Love, gratitude and blessings
Susan
A little over a month ago, 070709, I woke up to a very swollen arm. I couldn’t bend it enough to eat with my right arm, and couldn’t straighten it out either. I went to the doctor at the urging of my co-workers. He had no idea what was wrong, and $40 later, told me I would have to see a hand specialist. It was my upper arm, not my hand, so I didn’t make the appointment. Aside from that, 2 hours in the hyperbaric chamber seemed to correct most of the problem. Cameron asked me a couple days ago why I’ve been taking so many naps lately. I hadn’t noticed, but realized he was right. I’ve been doing my liver cleansing, eating more fruit than I probably should, but overall taking good care of myself. I searched my skin, looking for anything unusual I hadn’t noticed before. I sat on the bathroom counter with the hand mirror, looking at my back. I put my foot on the counter, re-positioned the mirror and looked at parts I had forgotten what they looked like. Switching feet, realized certain things aren’t exactly symmetrical, but that’s a different story! I finally saw a bump on the back of my arm. The same arm as before. It’s been itching a lot lately, but hadn’t thought about what might be causing the itching. The spot looked like most of the spots in the past. A weird shaped, multi colored mole. $*@%!! I thought I was done with it. I got out the black salve and put smaller than a pea sized amount on the spot. Before I could cover it with a bandage, it started tingling. If you’ve read about black salve, if there isn’t a problem, nothing happens. It doesn’t usually react as fast as it did. I’m hoping it will run it’s course quicker than the 2 week average from before.
Maybe because it hurts. Maybe because I’m tired. Maybe because I want sugar and I’m not eating it. Maybe I just want to be held…. I just want to curl up and cry. So many people think I’m so strong, and most of the time I am. They don’t see me during times like this.
Love, gratitude and blessings
Susan
Someone I know was recently diagnosed for the 2nd time with breast cancer. She has already scheduled a double mastectomy. My first experience with cancer was a friend I babysat for when I was in high school. She had a mastectomy soon after her diagnosis in May of my junior year. They told her they got it all, but started her on chemotherapy anyway. Within a month, they found it in her other breast. She had it removed the same week. Again, no sign of any cancer.
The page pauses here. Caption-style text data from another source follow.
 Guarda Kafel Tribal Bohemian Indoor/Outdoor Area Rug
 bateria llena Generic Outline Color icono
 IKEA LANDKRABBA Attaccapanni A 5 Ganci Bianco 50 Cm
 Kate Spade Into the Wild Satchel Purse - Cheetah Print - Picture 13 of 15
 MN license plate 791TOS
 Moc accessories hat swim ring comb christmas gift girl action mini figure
About a month later, she was having chest pains. They ran more tests and found cancer in her sternum. I don’t know what kind of treatment they added. She lost all her hair. I didn’t see her much that summer. She was sick and even though they say cancer isn’t contagious, my dad was afraid and didn’t want me going over there. I’ll never forget the first day of school my senior year. 4 months after her first diagnosis…Mickie died. Without any breasts, she ultimately died of pneumonia from breast cancer in her lungs.
If you just don’t want breasts anymore and the insurance will pay for it…cool. If the double mastectomy is to prevent dying from breast cancer – it might not work.
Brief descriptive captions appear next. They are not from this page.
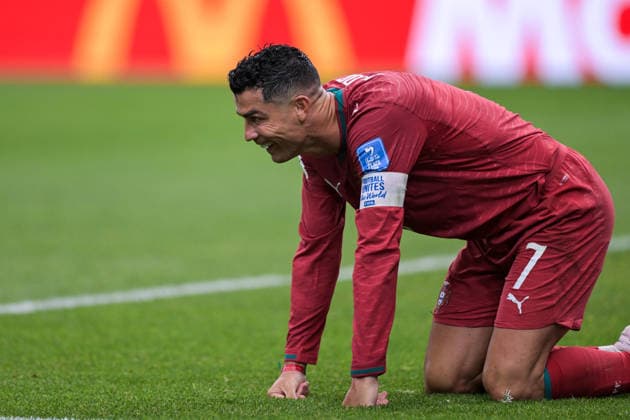 260623 Cristiano Ronaldo of Portugal looks dejected during the FIFA World Cup, WM, Weltmeisterschaft, Fussball 2026 football match between Portugal and Uzbekistan on June 23, 2026 in Houston. Photo: Ludvig Thunman BILDBYRAN kod LT LT0803 fotboll football soccer fotball vm fotbolls-vm fotball-vm fotbolls-vm 2026 fifa world cup 2026 day 13 bbeng depp *** June 23, 2026  Copyright: LUDVIGxTHUNMAN BB260623LT042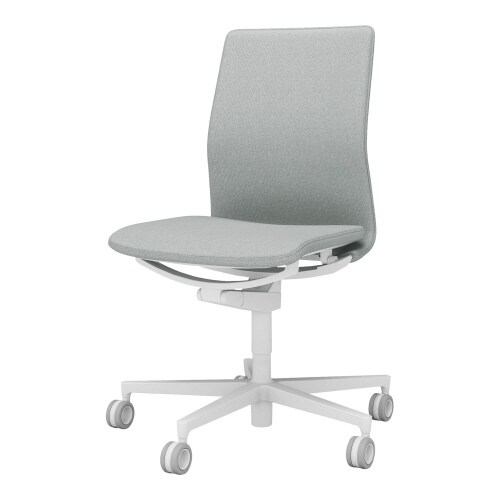 チェア ファブレ ホワイト脚 プレーン 肘無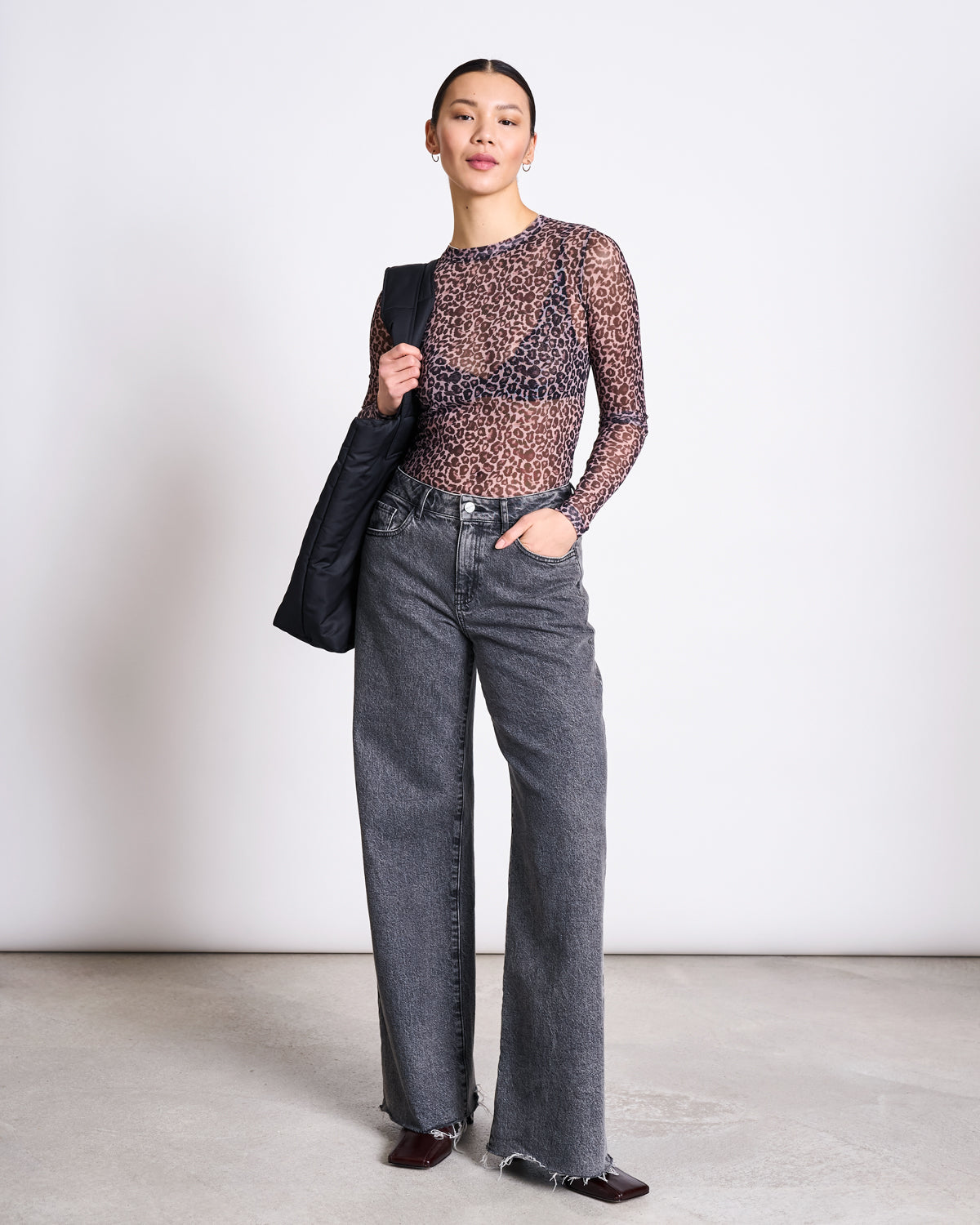 MESH LONGSLEEVE DORA LEO PRINT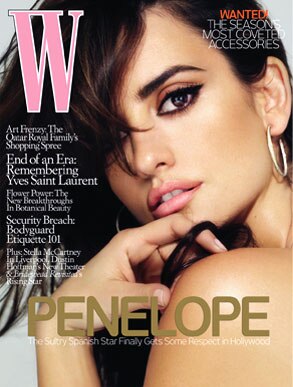 Penelope Cruz, W Magazine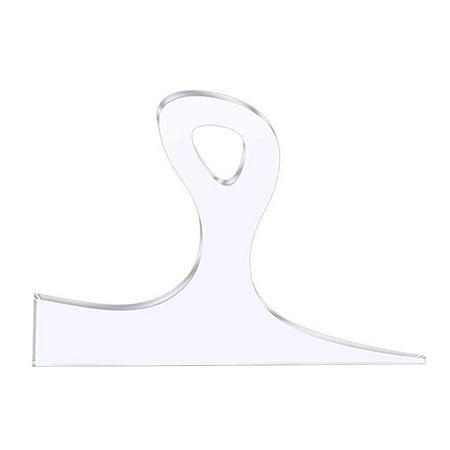 

greenhome Cutting Board Handle Template Transparent Reusable High Strength Smooth Edge Compact DIY Burr Free Cutting Board Handle Clear Acrylic Template Kitchen Supplies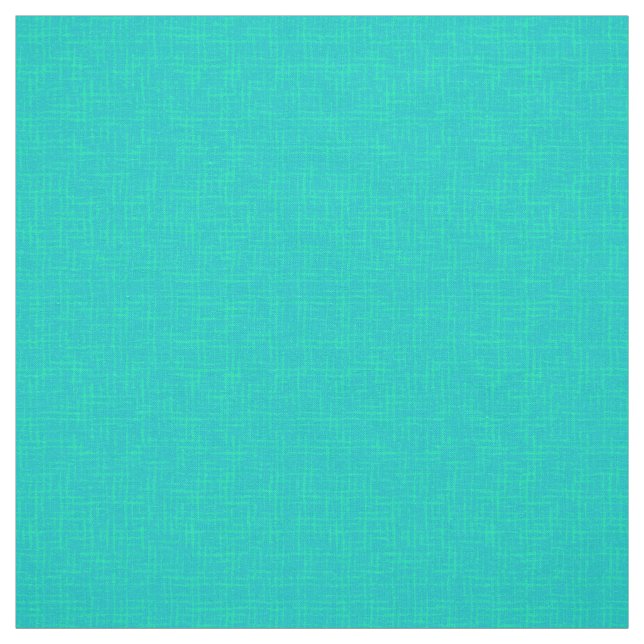 Tissu Néon turquoise texturé. (Échantillon)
My neighbor died about 6 years ago, from what they thought was brain cancer. It turned out it was breast cancer that spread to her brain.
A friend from Sweden died from what they thought was brain cancer. Her autopsy showed it was melanoma in her brain.
When my dad died, the main tumor had wrapped legs around his spine. He could barely move. It was kidney cancer.
When the 2inch black hole with legs showed up on my butt, I knew they would probably remove most of the right side of my cheek I had worked so hard to develop. I made the decision to not allow that. I would have been mutilated, and the stuff that spread to all the other parts of my skin, lymph nodes and liver would have still been there.
I know we are all on our own paths. I hope all who read this will take control of their lives. Make decisions from a place of trust and love and not fear. Do your research and take action in a way that’s right for you. Who knows, maybe the double mastectomy is a way to get reconstruction and get the perfect boobs you’ve always wanted!